KBR, Jakarta - Pansel KPK pertanyakan Alexander Marwata mengapa sering memberikan opini berbeda dalam kasus korupsi yang kontroversial. Padahal ini menimbulkan kesan bahwa ia tak peduli dengan rasa keadilan masyarakat dan lebih memperhatikan terdakwa. Hakim Ad Hoc Tipikor Pengadilan Negeri Jakarta Pusat tersebut mengatakan dalam memutus perkara, ia selalu berpegang pada fakta-fakta di pengadilan. Meski di luar pegadilan, desakan untuk memberikan hukuman yang berat kepada terdakwa begitu besar.
“Saya sebagai hakim tidak bisa memutus berdasarkan fakta-fakta di luar persidangan. Misalnya opini koran dan berita-berita. Kan harus semua disajikan di persidangan. Orang bisa ngomong apa saja di luar. Tapi fakta di persidangan bagaimana? Saya tidak bisa seperti itu, “kata Calon pimpinan KPK, Alexander Marwata dalam wawancara terbuka di depan pansel KPK.
Karena itulah, Alexander menambahkan, kualitas dakwaan akan menjadi perhatian besar jika terpilih menjadi pemimpin KPK. Meski begitu jika terpilih menjadi pimpinan KPK, ia juga siap mengubah pola pikir dari yang sebelumnya berhak berbeda pendapat menjadi komisioner KPK yang sifatnya collective collegial.
Alexander sebelumnya berbeda pendapat dalam kasus suap Pilkada Lebak Banten dengan terdakwa Ratu Atut Chosiyah yang saat itu menjadi Gubernur Banten.

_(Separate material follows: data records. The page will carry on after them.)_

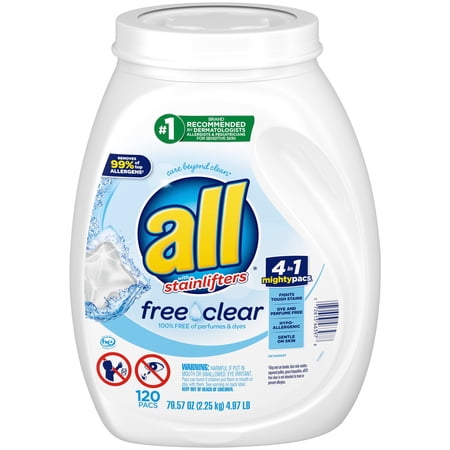 ALL Mighty Pacs Free & Clear Laundry Detergent (120 loads)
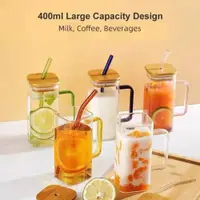 在飛比找ETMall東森購物網優惠-400ml Square Glass Mug With Li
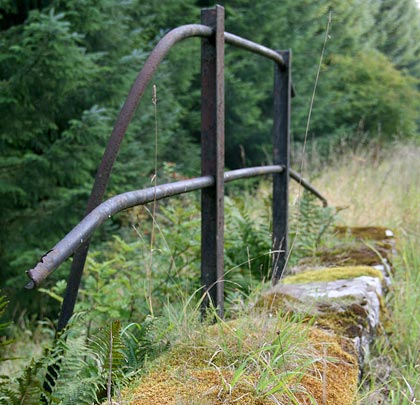 A contorted handrail protects walkers as they climb up to Riccartion Junction, an outpost on the much-missed Waverley route.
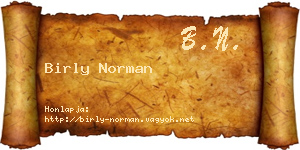 Birly Norman névjegykártya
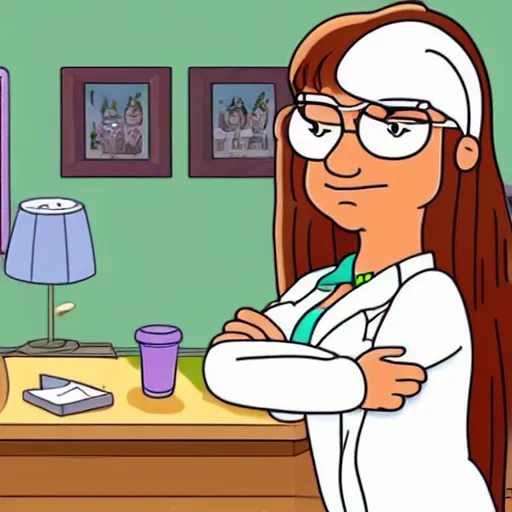 Prompt: mia khalifa as a family guy character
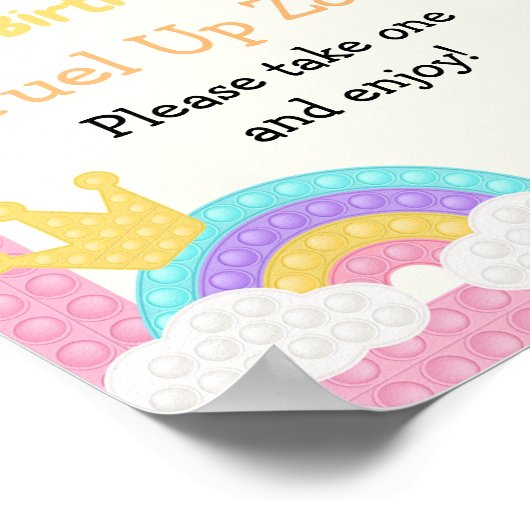 Poster Fille Pop It Fidget Anniversaire (Coin)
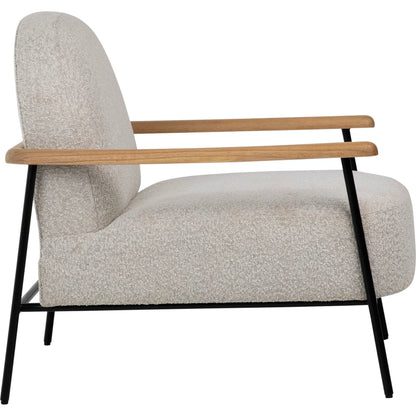 Blake Occasional Chair by Arch & Plane in black metal frame with natural wood armrests, beige boucle fabric. Made from mindi wood, metal frame with polyester blend upholstery in a transitional style.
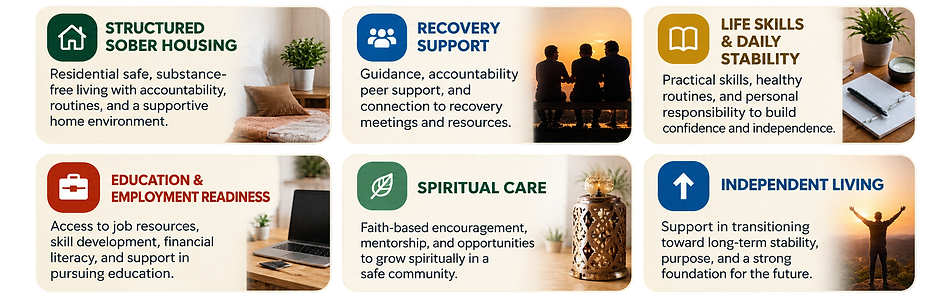 Eden Outreach sober living and recovery support pathway in Dallas, Texas, featuring struct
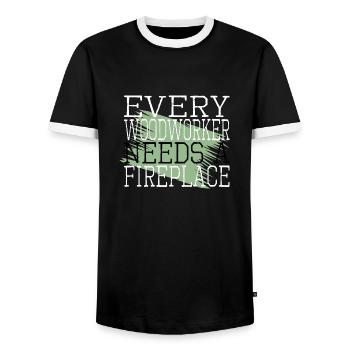 funny quote birthday present job lumberman - Men's Ringer Shirt - black/white - Front - AI Model Female 172 light (172cm) & AI Model Male 178 light (178cm)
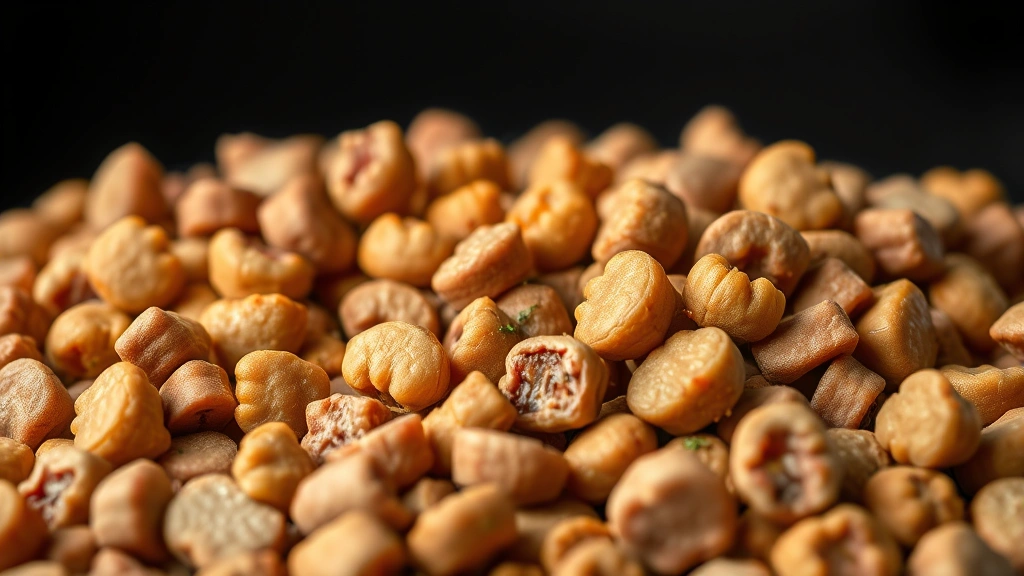 gentle giant dog food -
Photorealistic close-up of premium dog food kibble pieces with visible whole me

Menurut Alex, Atut tidak terbukti melakukan korupsi dan harus dibebaskan.
Meski begitu, Pengadilan Tindak Pidana Korupsi Jakarta memvonis Atut dengan hukuman penjara empat tahun dan denda Rp 200 juta subsider lima bulan kurungan. Ia dianggap bersalah menyuap Rp 1 miliar bekas Ketua Mahkamah Konstitusi Akil Mochtar melalui pengacara Susi Tur Andayani. Namun kemudian Mahkamah Agung memperberat hukuman Atut menjadi tujuh tahun penjara di tingkat banding.